TASK TO CARRY OUT - Skip the pictures. Output only the lines below starting at the line with "Vue a&eacute;rienne panoramique" and ending at the line with "Beams add character to this sizeable room", both ends included, exactly as they are.

DATA TO EXAMINE -
------------
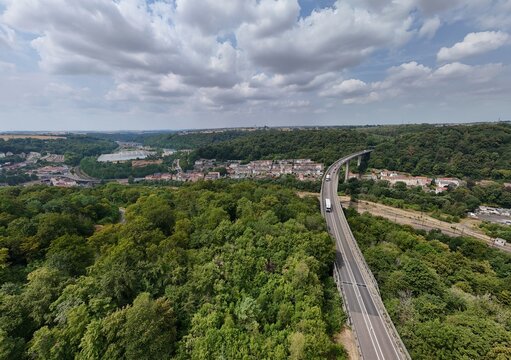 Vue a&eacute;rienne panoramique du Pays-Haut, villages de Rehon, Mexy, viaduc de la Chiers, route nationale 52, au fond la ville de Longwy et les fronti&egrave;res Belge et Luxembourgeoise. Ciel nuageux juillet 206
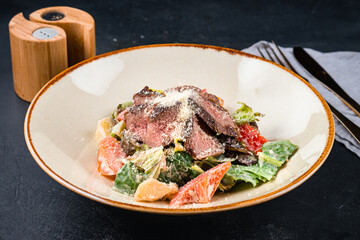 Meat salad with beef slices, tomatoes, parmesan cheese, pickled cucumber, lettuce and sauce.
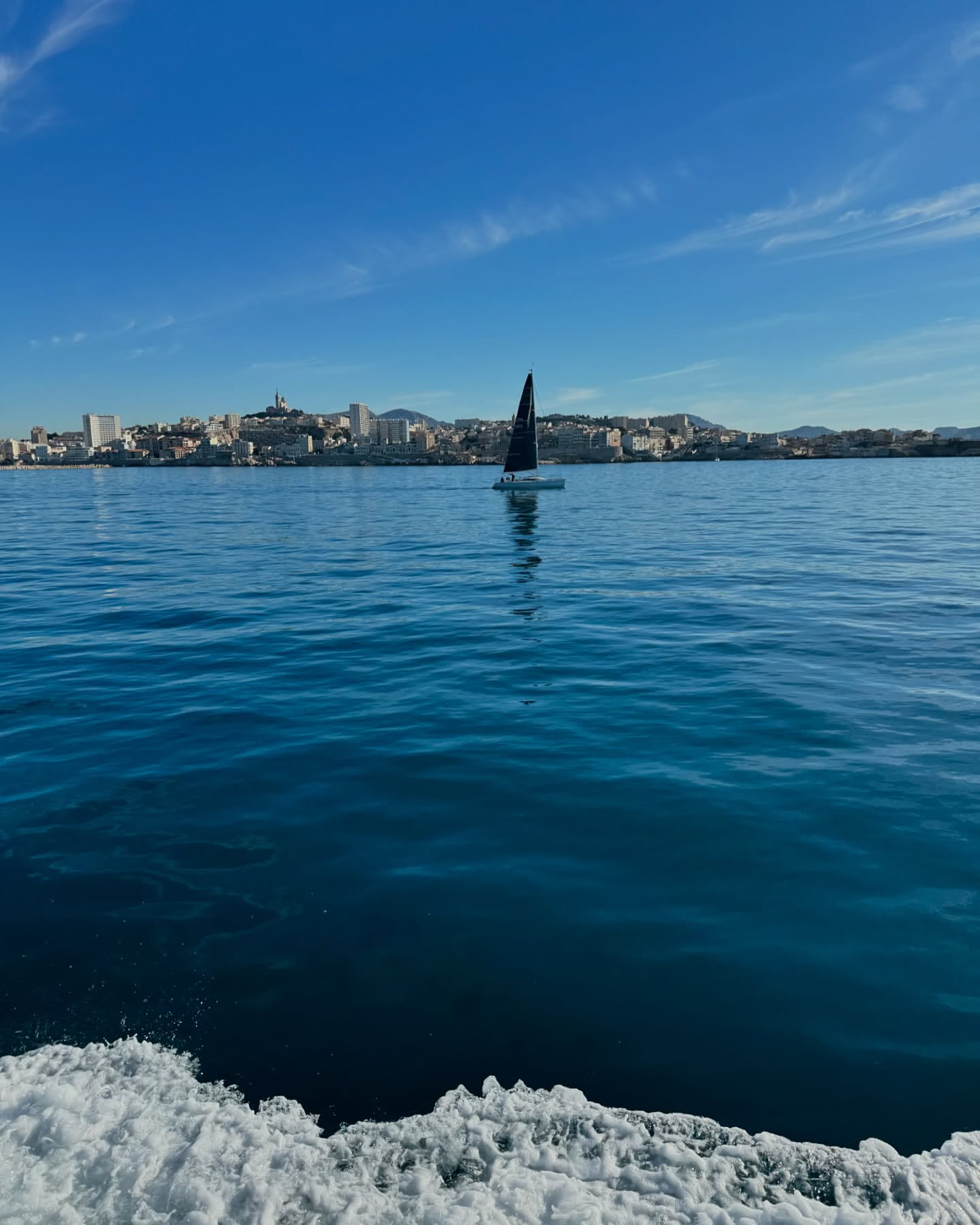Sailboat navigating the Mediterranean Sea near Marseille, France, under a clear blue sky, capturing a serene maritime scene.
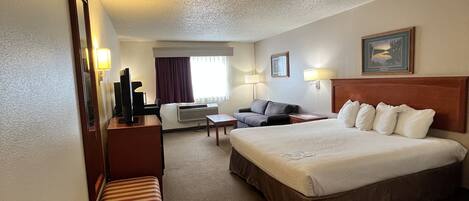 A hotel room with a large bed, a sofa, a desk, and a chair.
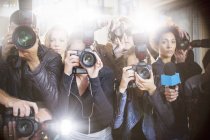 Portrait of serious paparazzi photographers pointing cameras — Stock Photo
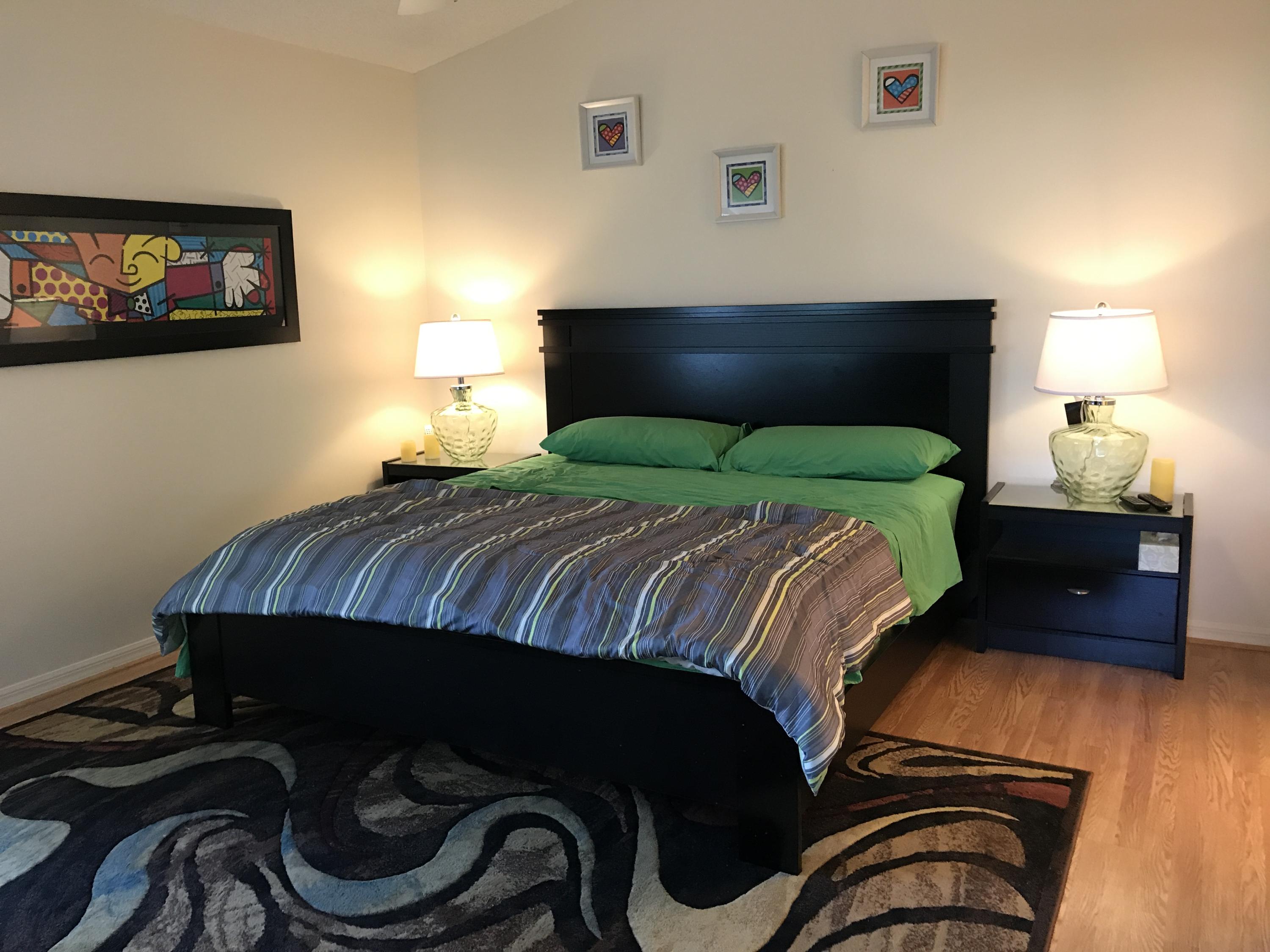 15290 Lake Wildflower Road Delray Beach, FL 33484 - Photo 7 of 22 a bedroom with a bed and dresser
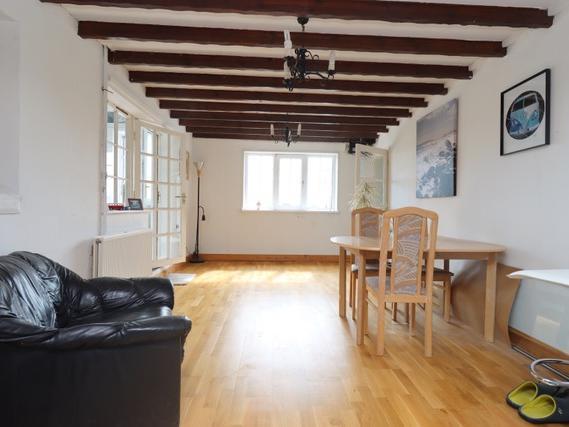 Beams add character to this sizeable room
------------
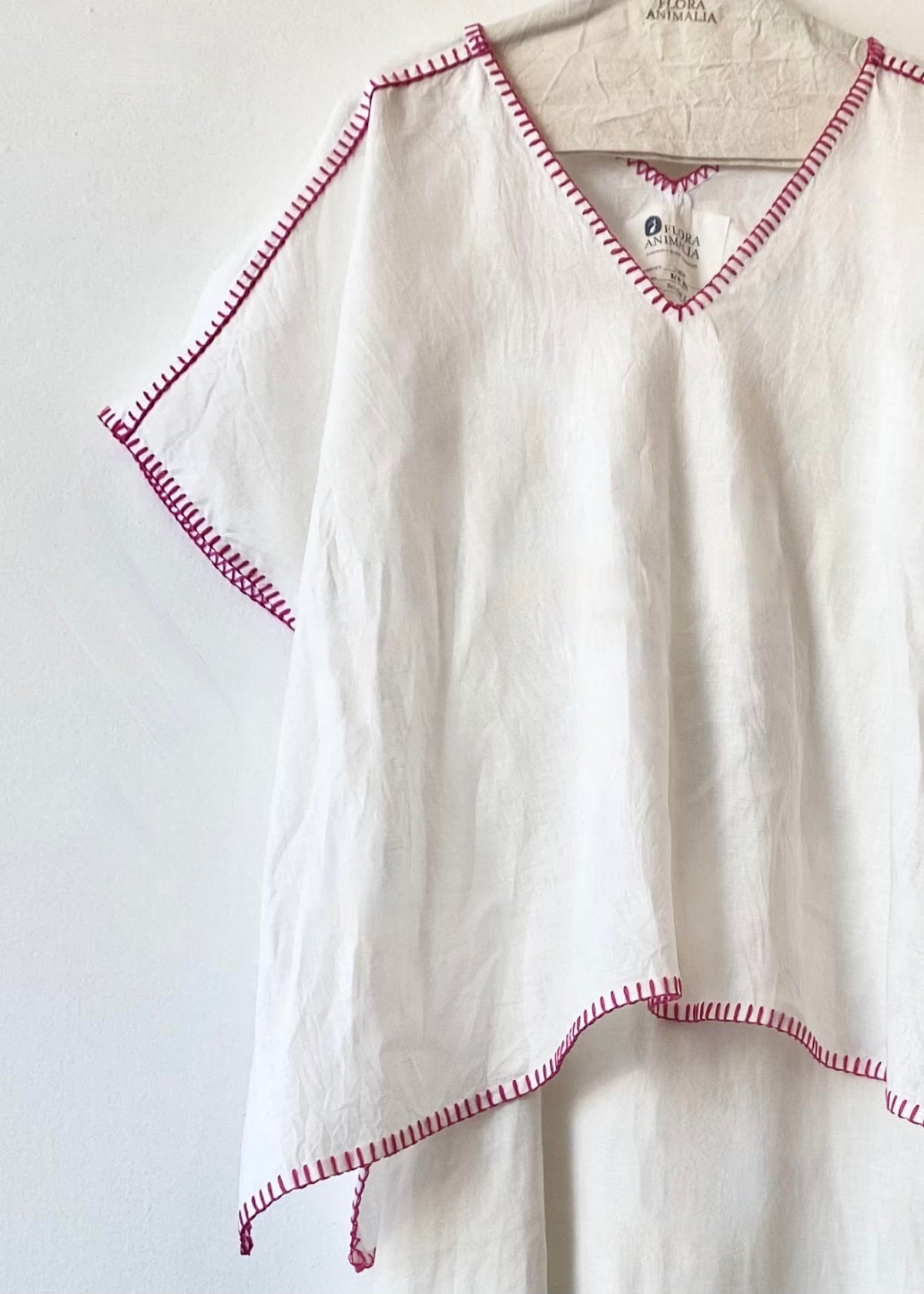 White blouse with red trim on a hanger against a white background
------------
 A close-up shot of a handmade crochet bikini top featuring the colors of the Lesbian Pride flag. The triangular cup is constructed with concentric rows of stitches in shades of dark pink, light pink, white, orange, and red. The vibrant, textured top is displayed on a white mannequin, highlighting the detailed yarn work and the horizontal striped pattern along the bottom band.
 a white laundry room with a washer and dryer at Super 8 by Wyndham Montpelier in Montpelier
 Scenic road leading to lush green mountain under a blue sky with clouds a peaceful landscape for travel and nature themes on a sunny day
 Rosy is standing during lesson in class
------------
TASK RESULT -
 Vue a&eacute;rienne panoramique du Pays-Haut, villages de Rehon, Mexy, viaduc de la Chiers, route nationale 52, au fond la ville de Longwy et les fronti&egrave;res Belge et Luxembourgeoise. Ciel nuageux juillet 206
 Meat salad with beef slices, tomatoes, parmesan cheese, pickled cucumber, lettuce and sauce.
Sailboat navigating the Mediterranean Sea near Marseille, France, under a clear blue sky, capturing a serene maritime scene.
 A hotel room with a large bed, a sofa, a desk, and a chair.
 Portrait of serious paparazzi photographers pointing cameras — Stock Photo
 15290 Lake Wildflower Road Delray Beach, FL 33484 - Photo 7 of 22 a bedroom with a bed and dresser
 Beams add character to this sizeable room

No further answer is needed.